At HP Labs, researchers in Sustainability are exploring and modeling the way resources can be utilized in data centers. Many of the principles and efficiencies identified through this research can be used to inform planning and design at city-scale. And when sustainability guides the development of technology and the rethinking of design and processes, incremental steps and advancements can add up to big-picture gains.


Sustainability Big Bets

Resource Management as a Service

Forecasted increases in the world’s population, along with a growing strain on scarce non-renewable resources and pressure from supply shocks and externalities, will necessitate new business models and infrastructures that are designed, built and operated using the least possible amounts of judiciously chosen materials and energy. Early evidence of such a paradigm shift can already be seen in the rising global investments around topics such as Smart Grid, Smart Buildings, and end-to-end Enterprise Carbon Management Systems.
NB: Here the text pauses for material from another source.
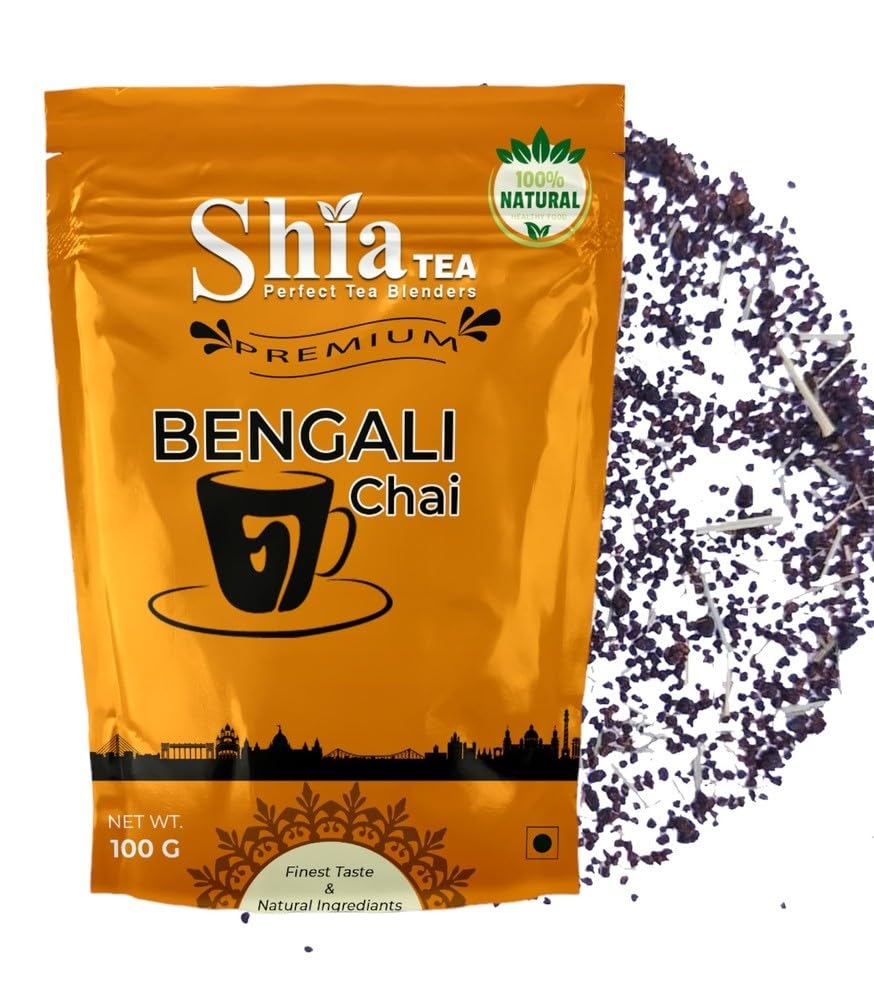 Shia Bengali (Chai) Tea | Rich And Flavoured Chai | Black Tea | Lemon Natural Flavour |100 grams (B0B6BVKFKT) Amazon Price History, Amazon Price Tracker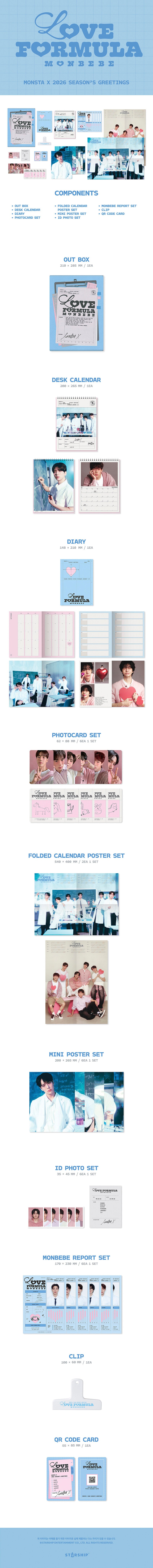 MONSTA X - 2026 SEASON’S GREETINGS LOVE FORMULA MONBEBE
To accelerate progress in realizing a vision of sustainable future cities, our research explores a holistic framework that uses information technology (IT) to dynamically manage the supply of resources relative to changing societal and organizational demands. We propose demonstrating this IT master plan through an integrated hardware, software, and services solution that can be tailored to manage energy, water, and waste at the scale of buildings, campuses, and cities. Further, in the same manner that application ecosystems have been created for enhanced entertainment and productivity in the consumer space, our resource management platform seeks to facilitate the creation of an ecosystem which widely disseminates energy and sustainability management “apps” in the resource management space. In delivering such an integrated stack for supply-demand management, the over-arching objective is to provide our global stakeholders with the means to minimize the economic costs and mitigate the environmental risks associated with the coming decades of sustained infrastructure growth.

The Sustainable Datacenter is a datacenter that consumes net zero energy from non-renewable sources like the public electric grid, over its entire lifecycle from initial resource extraction and manufacturing to operation and end-of-life reclamation. This data center satisfies the Service-Level Agreements (SLAs) of the hosted services, while reducing the Total Cost of Ownership (TCO) and emissions. Research thrusts include IT-facility demand management, supply-side management, integrated design and management, and management information systems.